Where are all the Violent Muslims?


With so much unsubstantiated verbiage over the past decade – especially over the past few weeks – about Islam’s inherent incompatibility with world peace, one thing is almost always forgotten: not only has every major Muslim political and religious leader across the globe publicly denounced al Qaeda (an organization whose leaders lack any formal religious training), but more importantly, Muslims – in their vast, overwhelming majority — have rejected al Qaeda’s call for global Jihad. More than just the logistic and military dismantling of al Qaeda by the hands of the U.S., al Qaeda has suffered a devastating moral defeat by failing to rally the faithful.

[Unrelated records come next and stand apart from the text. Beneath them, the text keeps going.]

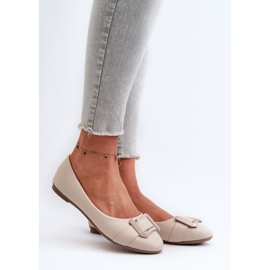 Ballerines en cuir écologique beige clair avec ceinture et décoration Cadwenla 2
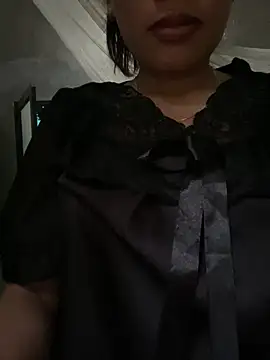 Uyen-nhu 网络视讯表演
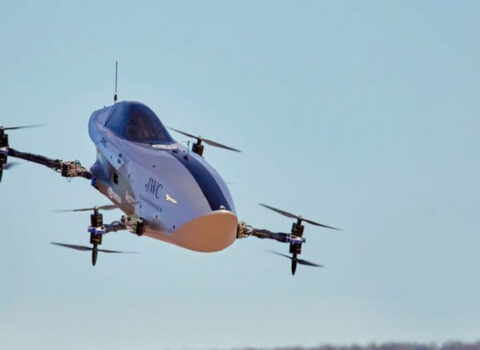 Uçan maşınların ilk yarışı keçirildi – VİDEO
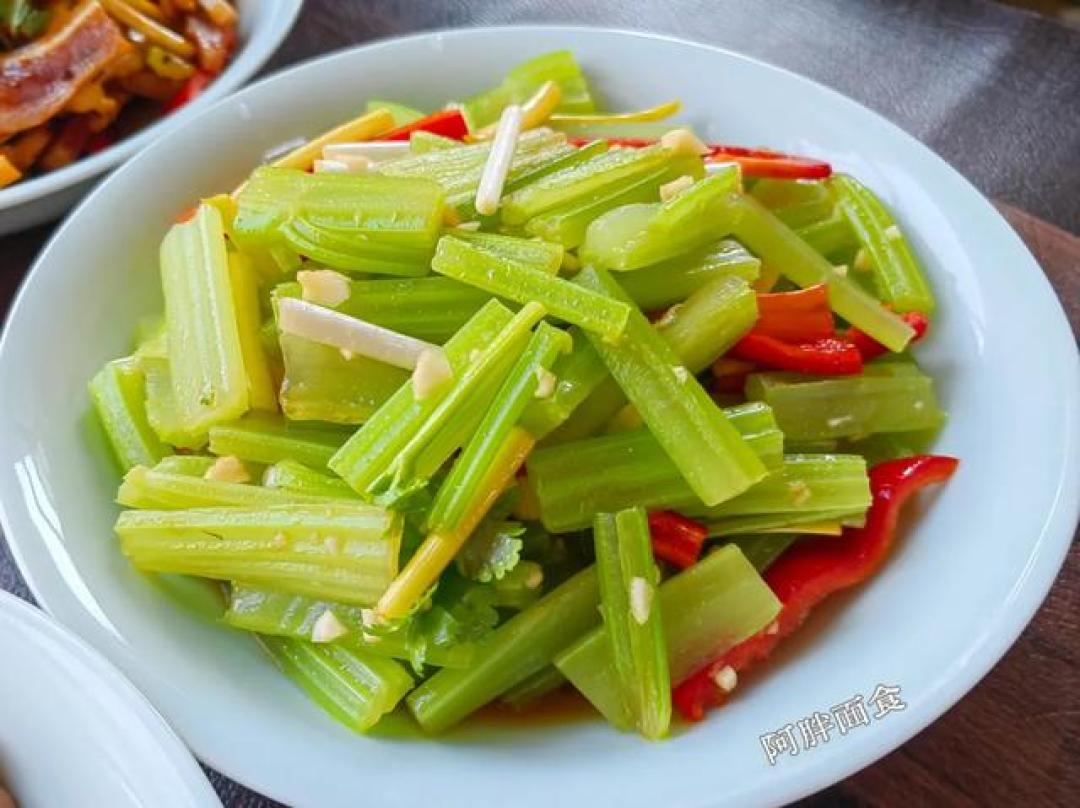 春节待客、年夜饭别全是硬菜!这4道懒人凉拌菜,过年备菜不慌忙
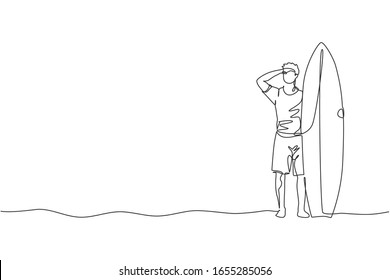 One continuous line drawing young happy tourist surfer holding surfboard at sandy beach. Healthy extreme watersport concept. Summer holiday. Dynamic single line draw graphic design vector illustration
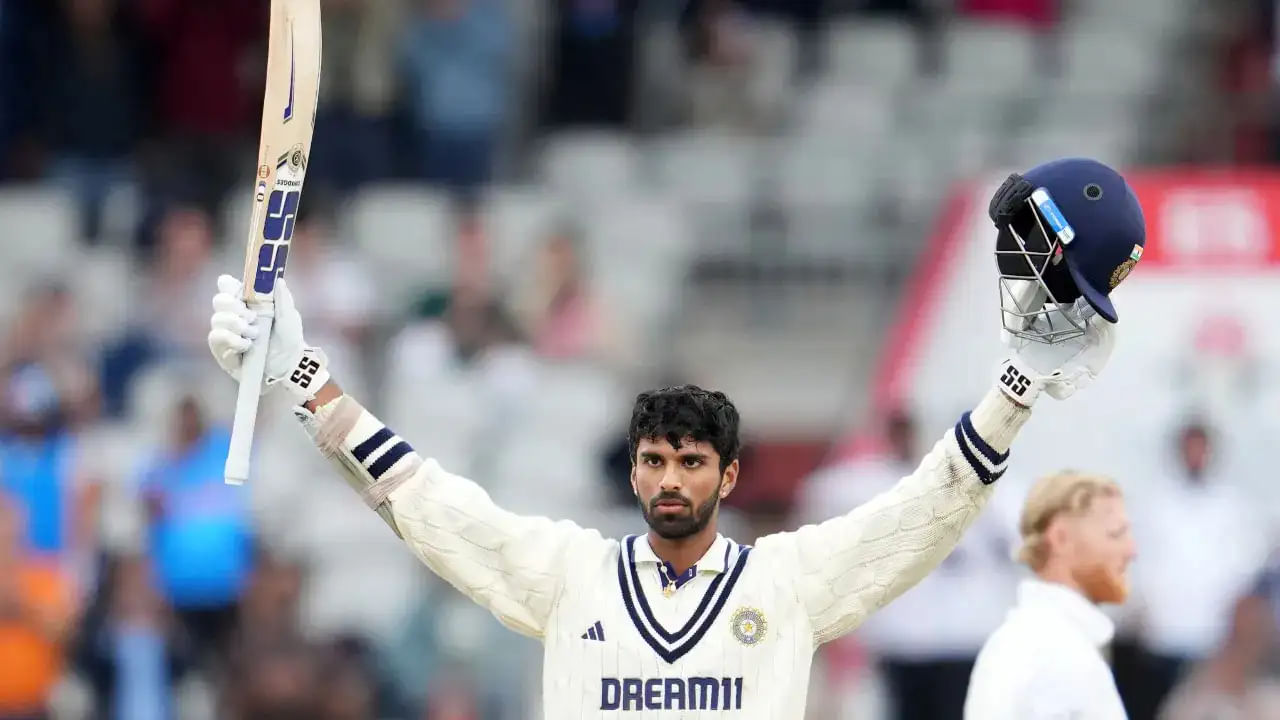 ವಾಷಿಂಗ್ಟನ್ ಸುಂದರ್ ಇತ್ತೀಚೆಗೆ ಇಂಗ್ಲೆಂಡ್ ಪ್ರವಾಸದಲ್ಲಿ ಟೀಂ ಇಂಡಿಯಾದ ಭಾಗವಾಗಿದ್ದರು. ಈ ಪ್ರವಾಸದಲ್ಲಿ ಅವರು 47 ಸರಾಸರಿಯಲ್ಲಿ 284 ರನ್ ಗಳಿಸಿದರು, ಇದರಲ್ಲಿ ಓಲ್ಡ್ ಟ್ರಾಫರ್ಡ್‌ನಲ್ಲಿ ಅವರ ಮೊದಲ ಶತಕವೂ ಸೇರಿತ್ತು. ಬ್ಯಾಟಿಂಗ್ ಜೊತೆಗೆ ಬೌಲಿಂಗ್​ನಲ್ಲೂ ಸುಂದರ್ ಕಮಾಲ್ ಮಾಡಿದ್ದರು.
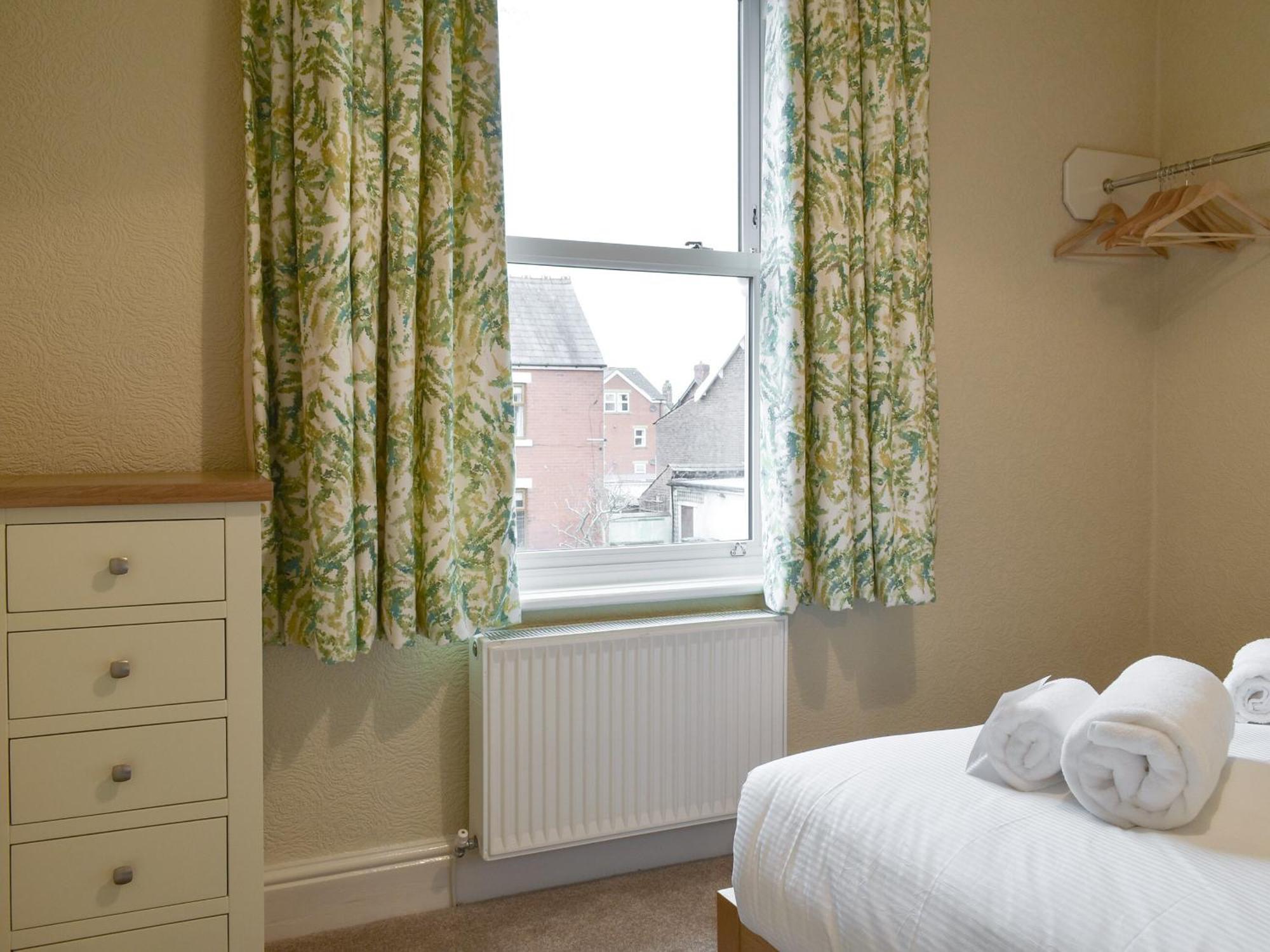 Beachcomber Corner Lytham St Annes Bagian luar foto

Just consider the basic numbers. There are over 1.5 billion Muslims spread across the globe. If Islam really required militant Jihad – as Newt would have us to believe — we would be powerless in the face of the carnage. So where are the billions of suicide bombers? Where is violent Islam? The fact of the matter is that the world is not in dire need of “moderate” Muslims because it is already filled with them. While at the onset of the wars in Afghanistan and Iraq, the U.S. was concerned with how the Arab Street would react, the Arab Street never radicalized. It never even showed up. The European Street was more antagonized and vocal than anyone else. There were no mass uprisings in Casablanca, Cairo, Amman, Damascus or Jakarta.

Nevertheless, we love to point at the hordes of Muslims – arms raised and enraged – protesting a Danish cartoon or some other matter we believe they should “rise above” and get the joke. But these headlined few are no more representative of the masses than those Americans who show up to protest the Ground Zero Mosque or to burn the Koran. (Ironically, it looks like Muslims aren’t the only ones without a sense of humor: the French government asked for an apology from the Iranian government when an Iranian newspaper slurred Madame Sarkozy, and the Spanish opposition party, the Partido Popular, demanded that the Spanish government seek a similar apology from Morocco when a group of Moroccan citizens held up posters mocking female Spanish policy officers.  Should the Danish government have been required to apologize for the free speech of its citizens when they poked fun at Islam? Should the U.S. government apologize for South Park or for a radical Floridian?)

Of course, there is violence in Iraq, Afghanistan, and Pakistan. That is not only expected in any war torn nation invaded and occupied by a foreign power, but it is what has always happened throughout history (you can imagine Americans, Second Amendment in hand, acting accordingly under similar circumstances). Just ask Dick Cheney in 1994 why Bush 41 decided against invading Iraq. As Graham Fuller explains, the tensions in the Middle East would persist even if Islam didn’t exist. For example, there is no history of suicide bombings in the Middle East prior to the Palestinian/Israel conflict, regardless of hundreds of years of Islam. Remember that one of the first Palestinian terrorists was a Christian, Arafat’s PLO was not a religious movement, and Hamas has emerged as other forms of violent Palestinian nationalism have failed.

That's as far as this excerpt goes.